Thursday, March 17, 2005
Court Upholds Judgment Won by Prominent Jockeys
By a MetNews Staff Writer
The Ninth U.S. Circuit Court of Appeals yesterday affirmed a multimillion dollar judgment won by two Hall of Fame jockeys who sued their former money managers in 1989 and have bounced back and forth between trial and appellate courts ever since.
A three-judge panel that heard argument in the case in July 2003 issued an unpublished memorandum upholding the judgment in favor of Laffit Pincay Jr. and Chris McCarron.
The panel was directed to decide the appeal on its merits after an en banc ruling last November that the district judge did not abuse his discretion by allowing the defendants to file a belated appeal.
Jurors found for Pincay and McCarron on their federal racketeering claims—based on allegations of wire and mail fraud—and on state claims of breach of contract and breach of fiduciary duties.
Pincay was awarded $670,000 in compensatory damages and $2.25 million in punitive damages; McCarron got $313,000 in compensatory damages and $1.3 million in punitive damages.

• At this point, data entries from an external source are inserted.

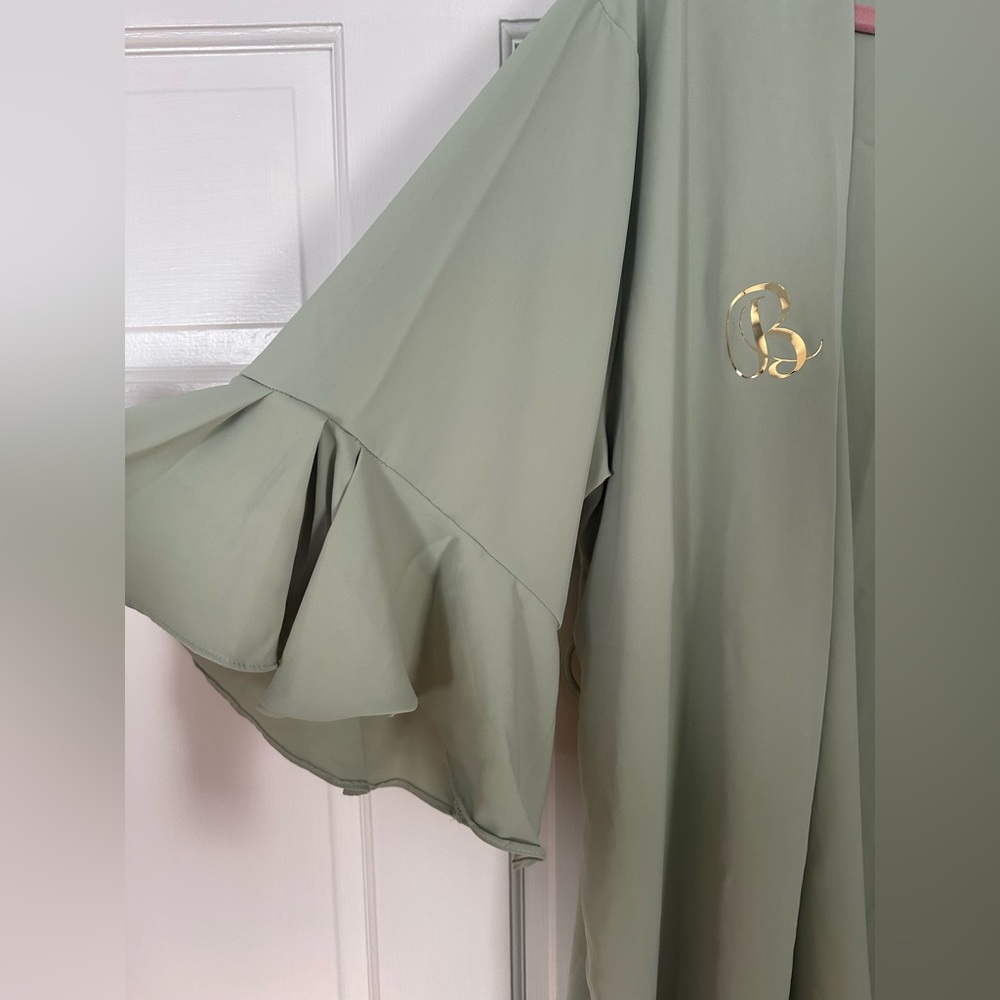 Women’s Ruffle Robe with “B” - Picture 2 of 4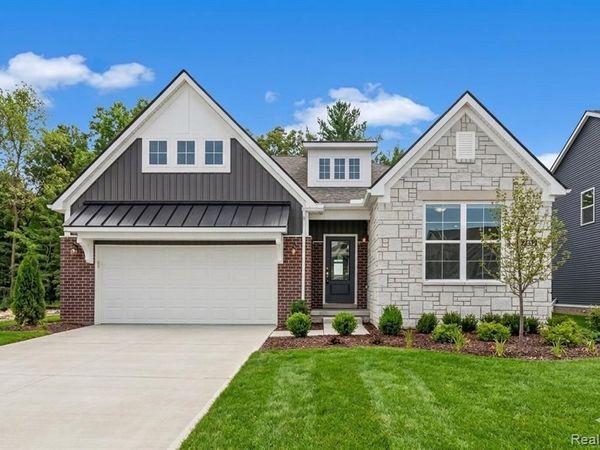 2352 Provencal Drive, Commerce Twp, MI 48382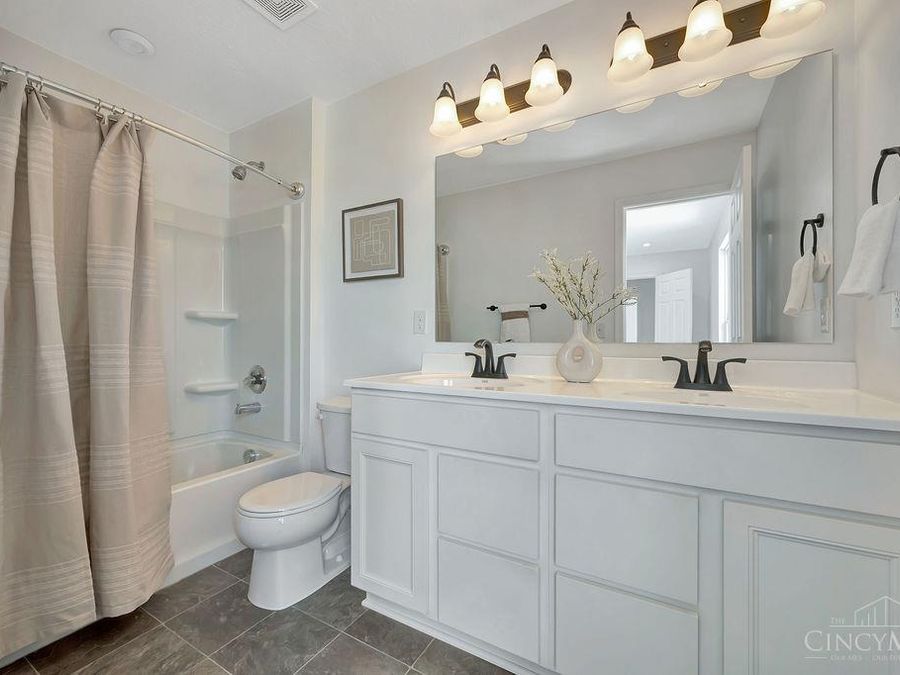5750 Azra Court, Hamilton Township, OH 45157 Photo 14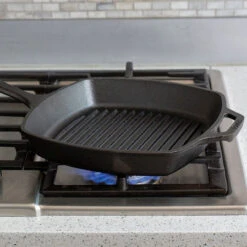 Lodge - 10.5" Pre-Seasoned Cast Iron Grill Pan -Home Kitchen Store l8sgp3 lifestyle 1 28061.1595513919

Senior U.S. District Judge Wm. Matthew Byrne Sr. awarded attorney fees—available only under the Racketeer Influenced and Corrupt Organizations Act—of more than $600,000 to Pincay and more than $250,000 to McCarron.

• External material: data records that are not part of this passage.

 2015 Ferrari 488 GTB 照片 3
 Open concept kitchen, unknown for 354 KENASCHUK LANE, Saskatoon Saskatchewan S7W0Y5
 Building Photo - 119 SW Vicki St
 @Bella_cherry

The Andrewses’ first appeal, filed in 1998, resulted in a reversal based on the panel’s finding that the RICO claims were time-barred. On remand, judgment was entered solely on the basis of the state claims, leaving the plaintiffs with more than $4.6 million, not counting interest.

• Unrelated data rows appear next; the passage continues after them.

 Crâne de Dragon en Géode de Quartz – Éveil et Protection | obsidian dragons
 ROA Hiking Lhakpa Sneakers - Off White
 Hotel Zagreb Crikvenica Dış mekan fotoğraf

The law firm representing the defendants, Boies, Schiller & Flexner of Armonk, N.Y. failed to file an appeal within the 30 days allowed by rule, but moved for leave to file under Rule 4(a)(5) of the Federal Rules of Civil Procedure, which allows an extension if the motion is filed no later than 30 days after the deadline and the moving party shows “excusable neglect or good cause.”
The Ninth Circuit panel, in a 2-1 decision, held that the attorneys’ reliance on a calendaring clerk, who thought the rule allowed 60 days to appeal, was inexcusable. But the en banc court, voting 8-3, said the district judge’s decision was entitled to deference.
In its disposition yesterday, the panel—Judges Andrew Kleinfeld and Kim M. Wardlaw and Senior Judge John T. Noonan—said the claim for breach of fiduciary duty was timely under California law because the parties’ fiduciary relationship ended less than three years before suit was filed.
The panel explained that the jury, based on instructions that were not objected to by defense counsel, found that the defendants were fiduciaries, and that the plaintiffs justifiably relied on representations that the jury found to be false. The plaintiffs testified that they did not discover the facts on which they sued until after 1986, the judges added.
The defendants cannot now attack the jury findings and instructions, the court said.
The case is Pincay v. Andrews, 02-56491.